Chicago Enterprise bug

It’s hard to generalize because situations differ from company to company, and within departments of a company. But Fulton Market is hot because it’s drawing employers eager to get a young, tech-savvy workforce, the demographic that most wants face time in the office for networking and socializing. With lounges and workout rooms in the building and plenty of restaurants nearby, the commute from a close-by trendy neighborhood looks worthwhile.

Elsewhere, different factors apply. A case in point is Here Technologies, a location data platform with a principal office at 425 W. Randolph St., the non-vanity address for the building Boeing is in. Spokesman Jordan Stark said about 600 staffers are assigned to Chicago and business is good, so that number is not being reduced. Yet, he said the company has made nearly half of its 275,000 square feet available for sublease. With hybrid work, it’s no longer needed, he said. Here’s departments have their own “dedicated time to meet in-person for that essential connection, collaboration and creativity,” he said. Most of the week, employees can be at home or somewhere else they like. “The hybrid approach reflects our operations as a global tech company and the future of work,” Stark said.

Sublease supply, shadow dead space, has been high during the pandemic. A report by the tenant representation firm Savills said downtown subleases totaled 5.8 million square feet in 2022’s first quarter — think of it as one and a quarter Willis Towers.

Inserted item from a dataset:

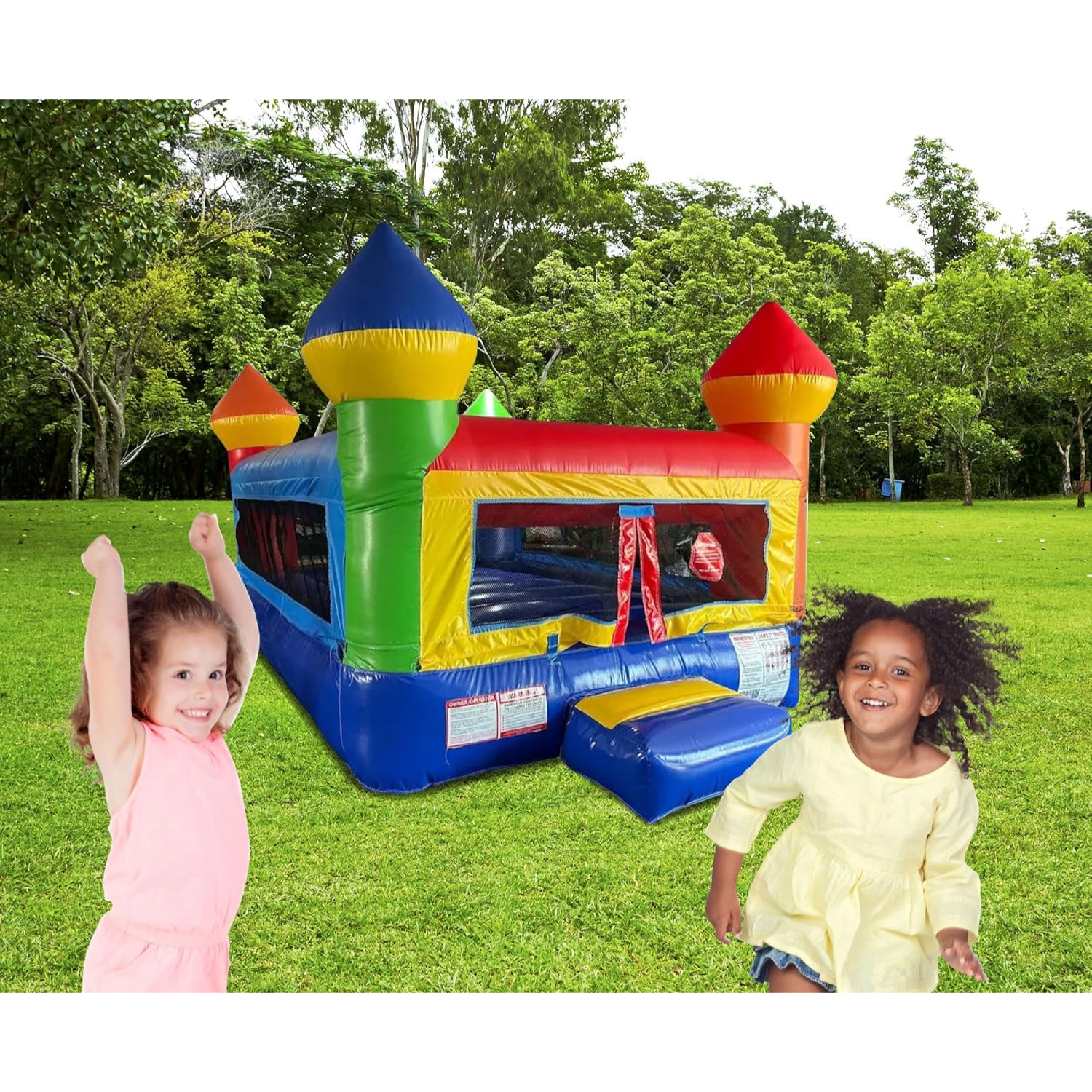 Kids Castle Bounce House Rental | Royal Fun for Parties | Funtime4Fun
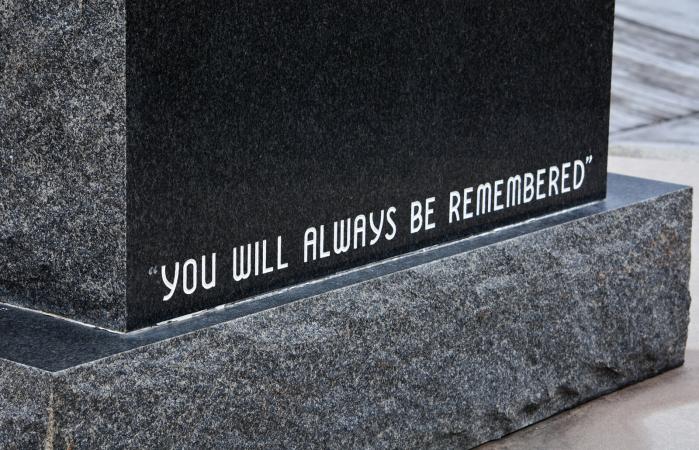 Meaningful Epitaph on Headstone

AT&T, traditionally a large office user in Chicago, also is consolidating. Spokesman Phil Hayes said AT&T is moving into space it currently leases and leaving its longtime address of 225 W. Randolph St. He did not give details.

Michael Silver, chairman of Vestian Global Workplace Solutions, said he feels the worst is yet to come for the office market. He said clients he advises are looking at space reductions of 30% to 50% when it comes time for lease renewals. Robert Sevim, vice chairman at Savills, has a mixed view, noting that downtown leasing reflects a “flight to quality” in new buildings with the latest features. That’s good for Fulton Market and towers along or near Wacker Drive; bad for older buildings in the Loop, so-called Class B properties. “What to do with the Class B buildings is the riddle that has to be solved,” Sevim said.

In the suburbs, the old-style corporate campus reeks of corporate excess. Baxter International is putting its Deerfield campus up for sale, while Allstate sold its Northbrook grounds to a warehouse builder and intends to make do in a mundane building downtown. Suburban tenants continue to “rightsize,” according to real estate firm Jones Lang LaSalle. It said companies lately relocating to reduced space include Health Care Service Corp. in Downers Grove and CVS Caremark in Northbrook.

As for headquarters, Boeing said it was moving it out of Chicago, then insisted little would change. A spokesman said more than 400 employees would remain here and that Arlington, Virginia, was gaining only the offices of the CEO and chief financial officer. He said telecommuting makes it all possible. The office space here is expected to shrink.

It’s sounding like the headquarters can be wherever the C-suite leaders hang out, far from key functions. How about a posh seaside place where there’s no state income tax? Anyone for incorporating at Mar-a-Lago?